While I had dabbled with dbt in the past, this project marked my first real exploration with my project team, and I opted to leverage Cosmos.

The Astronomer Cosmos package emerged from a collaboration between Airflow and dbt experts to offer an insightful and feature-rich approach to running dbt projects on your Airflow platform.

This blog will demonstrate how we utilized the Cosmos DbtTaskGroup object to execute dbt snapshots, models, and other dbt commands in Airflow. Additionally, it will dive into some key learnings encountered during the implementation with AWS MWAA. Our focus was on connecting to the Snowflake Data Cloud, and authentication was achieved via encrypted private keys.

Summary

In summary, Cosmos proves to be robust, but it does require some time investment to establish a workable DAG (Directed Acyclic Graph) due to immature documentation. While the astronomer/cosmos-example repository offers more complete examples, most assume the usage of an Airflow Connection, a dependency we will not leverage here.

Quoting Cosmos from the product page:

“Cosmos is the easiest and most powerful way to integrate dbt + Airflow”

Based on my experience with dbt, I would agree, but I would add “…once you navigate through the Cosmos docs a few times.”

Astronomer Cosmos Resources

Before getting started, here are the resources I used for development:

  1. Astronomer Cosmos docs – These are the official docs. They’re ok.

  2. GitHub – astronomer/astronomer-cosmos – The project is young, so the docs being ok is somewhat expected. Referencing source code was necessary.

  3. Astro CLI – This was instrumental for quick testing, and I cannot recommend it more.

  4. GitHub – dbt-labs/jaffle-shop: An open-source sandbox project exploring dbt workflows via a fictional sandwich shop’s data – it is bespoke.

Requirements and Set Up

Astro CLI

The Astro CLI provided my first experience with Airflow, where creating a DAG felt truly agile. It was a game-changer, allowing me to easily mimic installed packages of MWAA instances, change Airflow versions, and get near-instant feedback for DAG import issues.

To install the Astro CLI, follow the official documentation and have the Docker Desktop installed.

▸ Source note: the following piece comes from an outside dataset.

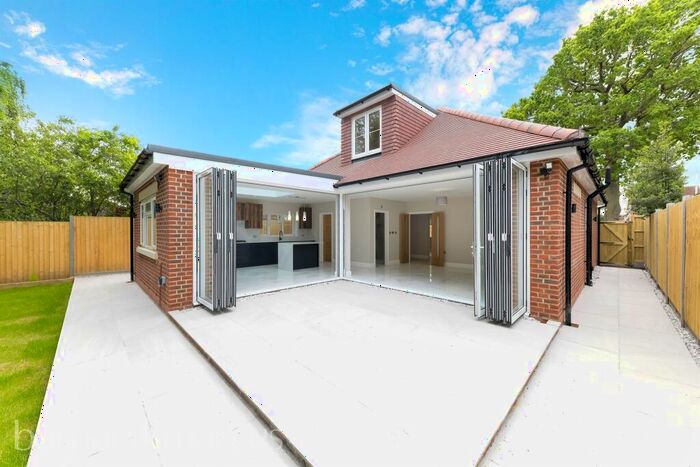 3 Bedroom Bungalow For Sale In Cudas Close, Stoneleigh, KT19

After Astro CLI is installed you can walk through this – Get started with Airflow using the Astro CLI | Astronomer Documentation, but here are the specific commands.

First, make sure Docker Desktop is running then…

				
					astro dev init
				
			

Modify the requirements.txt file with the following packages:

				
					dbt-core == 1.5.2
dbt-snowflake == 1.5.1
astronomer-cosmos==1.1.1

				
			

Then start Astro:

				
					astro dev start
				
			

Snowflake Account

If you don’t have a Snowflake account, go grab a free one. You’ll need a private key for authentication. Use the following commands to quickly generate the keys:

				
					openssl genrsa 2048 | openssl pkcs8 -v2 des3 -topk8 -inform PEM -out rsa_key.p8 -passout pass:mypassphrase
openssl rsa -in rsa_key.p8 -pubout -out rsa_key.pub -passin pass:mypassphrase
cat rsa_key.pub
				
			

For more details on setting up the private key, refer to Key Pair Authentication & Key Pair Rotation | Snowflake Documentation

dbt Core Project

I’d recommend cloning Jaffle Shop – GitHub – dbt-labs/jaffle-shop: An open source sandbox project exploring dbt workflows via a fictional sandwich shop’s data – but you can certainly use your project.

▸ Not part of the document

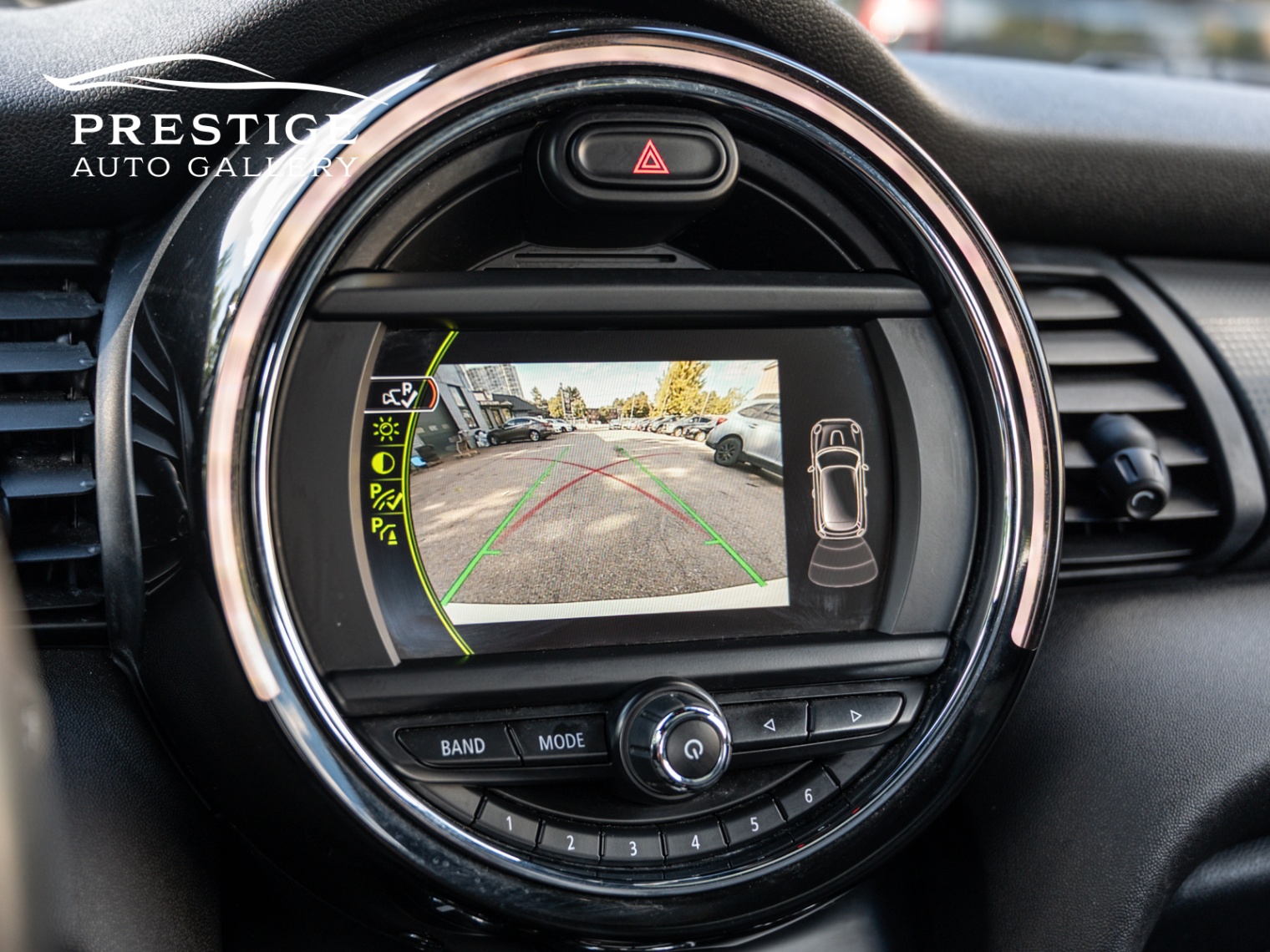 /prestigeautogallery/2018-MINI-3Door-5535784915870494.jpg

Make sure to see the Sample Profile and add that to your project.

Key Takeaways

Cosmos DAG Configuration

We leveraged DbtTaskGroup for everything. It allows you to run dbt models and other dbt commands in Airflow while gaining insights into your dbt project via Airflow graphs and task logs.

Initially, we decided to rely on the Getting Started on MWAA — Astronomer Cosmos documentation, but lack of a concrete example led us to the Full Sample DAG.  

With one exception: we initially used ExecutionMode.VIRTUALENV.

ExecutionMode.VIRTUALENV vs. LOCAL

The DbtTaskGroup spun up and tore down a temporary Python virtual environment per task (i.e., per dbt model). However, after introducing multiple dbt projects, each with many dags and tasks, we observed MWAA disk space issues.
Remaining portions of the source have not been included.